Building Rock Types from Mercury-Injection Capillary Pressure

Mercury-injection capillary pressure, or MICP, is the workhorse measurement for rock typing because it directly probes pore-throat size distribution. Mercury is forced into a cleaned core plug at rising pressure; each pressure step corresponds to the throat radius being entered, so the saturation-versus-pressure curve is effectively a map of how the pore network is plumbed. A Montney sample with a sharp entry pressure near 1,000 psia and a steep plateau indicates well-sorted throats around 0.1 micron, a distinct rock type from a sample with a gradual curve and dominant microporosity. Petrophysicists fit the Thomeer or Brooks-Corey parameters to each curve, cluster the results, and assign each cluster a rock type with its own saturation-height function for the static model.

Carrying Rock Types into the Dynamic Reservoir Model

Once defined, rock types must reach the flow simulator, because each one needs its own relative-permeability and capillary-pressure table. In a Cardium waterflood near Pembina, assigning a single averaged relative-permeability curve to conglomerate and muddy facies alike would smear the water front and mispredict breakthrough by months. Modellers instead populate the geocellular grid with rock-type codes, usually through a porosity-permeability transform and indicator geostatistics, then attach the matching SCAL curves. The result feeds material-balance checks, history matching, and the recovery-factor estimates that justify infill drilling. Getting the rock-type proportions right is often the single largest control on forecast ultimate recovery in tight WCSB plays.

Fast Facts

The Kozeny-Carman equation that underlies the flow zone indicator dates to work by Josef Kozeny in 1927 and Philip Carman in 1937, decades before reservoir engineering existed as a discipline. Amaefule and co-authors repackaged it as the FZI hydraulic-unit method in a 1993 SPE paper, and it remains one of the most cited rock-typing techniques in the industry. A single tight-gas rock type in the Montney can span four orders of magnitude in permeability while holding porosity within a two-percent band, which is precisely why porosity alone never defines a rock type.

Rock typing sits at the intersection of several core concepts. It is built directly on porosity and permeability, the two properties that define storage and flow capacity for every group. Capillary pressure supplies the pore-throat geometry through mercury-injection curves that distinguish one type from another and set the saturation-height function. The grouped types ultimately feed the reservoir model, where each carries its own relative-permeability behaviour and controls how recoverable hydrocarbons are calculated and produced.
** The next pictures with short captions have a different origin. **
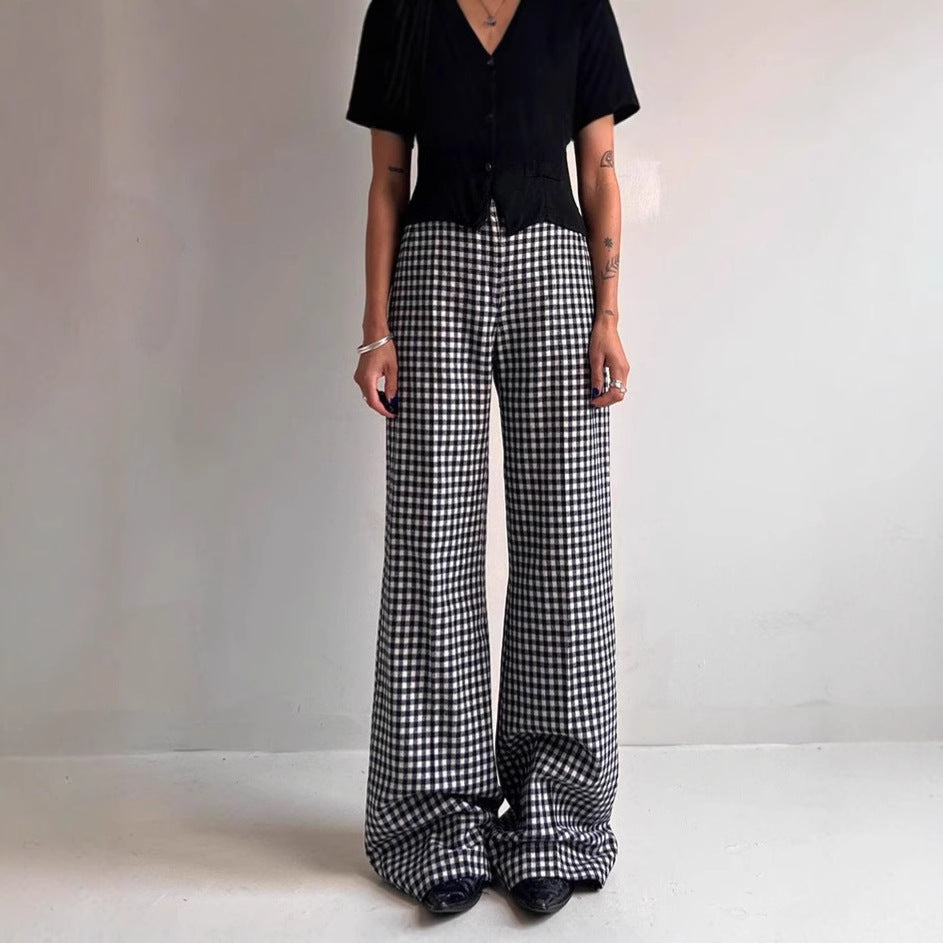Women Comfortable Tube Pants with Checkered Pattern and Elastic Waist Lune London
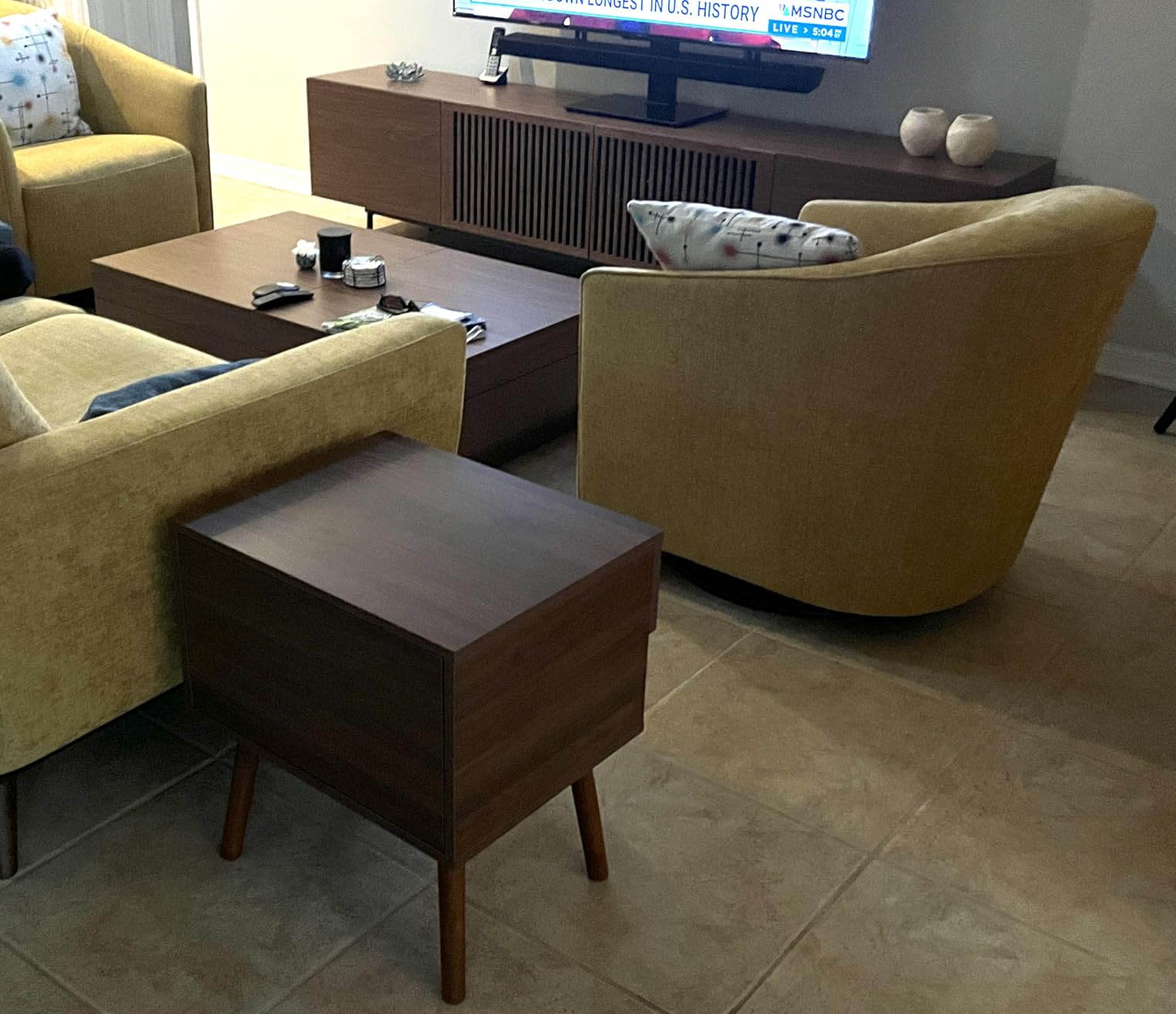 Hidden Compartment Night Stand Set 2, Mid Century Modern Concealment Furniture, End Table with Storage Drawer, Bedside Table with Wood Legs for Bedroom (2, Walnut) customer photo 2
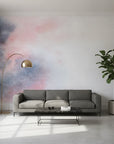 Muted Flow soft blush and grey watercolor adding character to a cozy bedroom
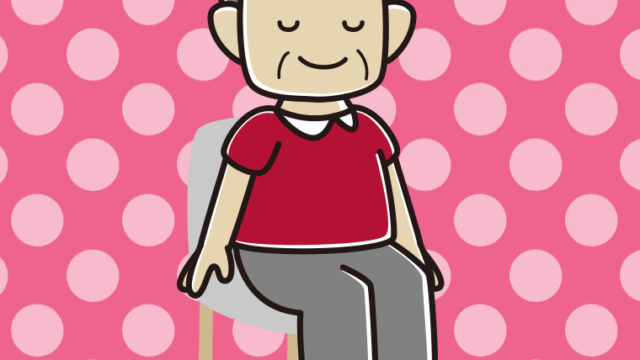椅子で目を閉じるおじさんのイラスト【色、背景あり】PNG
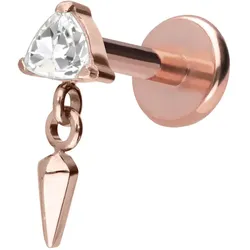 Titan Labret mit Push Fit KRISTALLDREIECK + SPITZE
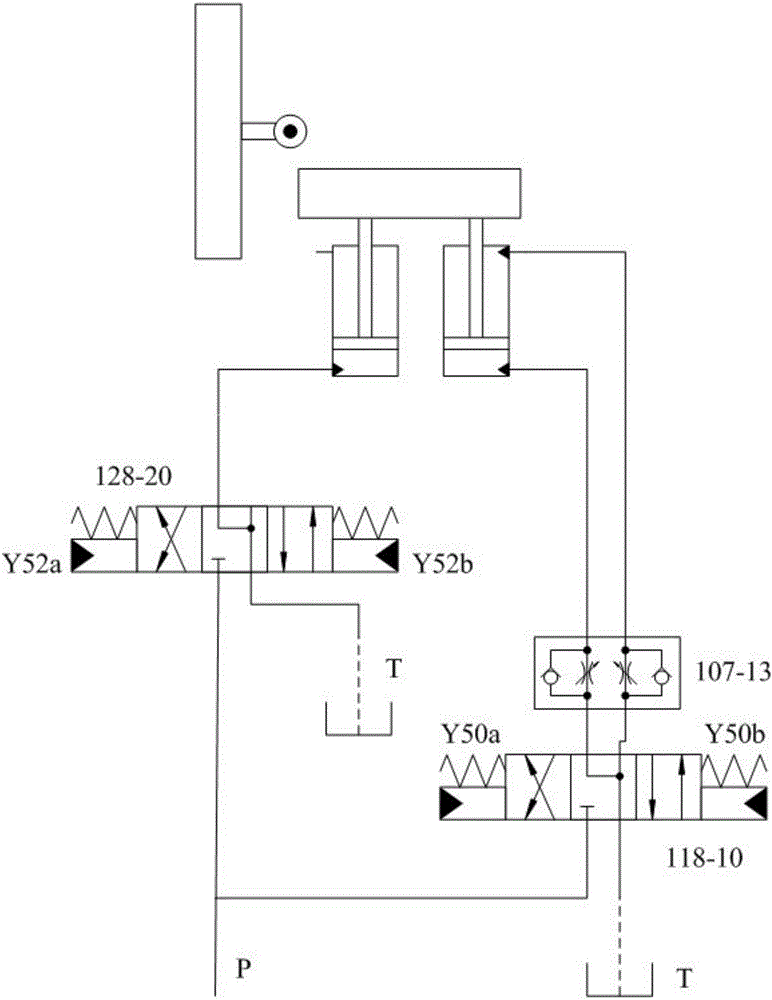 Pressure self-adaptive switching hydraulic logic control device for main and auxiliary hydraulic cylinders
Rock Typing a Montney Horizontal Program near Dawson Creek

An operator planning a multi-well Montney pad near Dawson Creek in northeast British Columbia cut 36 metres of core across the upper and middle Montney, ran MICP and routine core analysis on 120 plugs, and resolved four petrophysical rock types ranging from a dolomite-cemented silt with 0.08 mD permeability down to a clay-rich silt below 0.001 mD. Calibrating the porosity and resistivity logs to these core types, the team mapped a continuous 14 metre interval of the two best rock types and landed the 2,800 metre lateral within it, spacing fracture stages at 60 metres through the highest-FZI rock. Core and analysis carried roughly CAD 450,000 of the well budget.

The rock-type-guided landing delivered a thirty-day initial gas rate about 35 percent above the offset wells that had been geosteered on gamma ray alone, and the BCER reserves filing booked a tighter, better-supported recovery factor. The operator carried the same four-type scheme into the next eight wells on the pad, eliminating further coring cost while preserving the completion design that the rock typing had justified.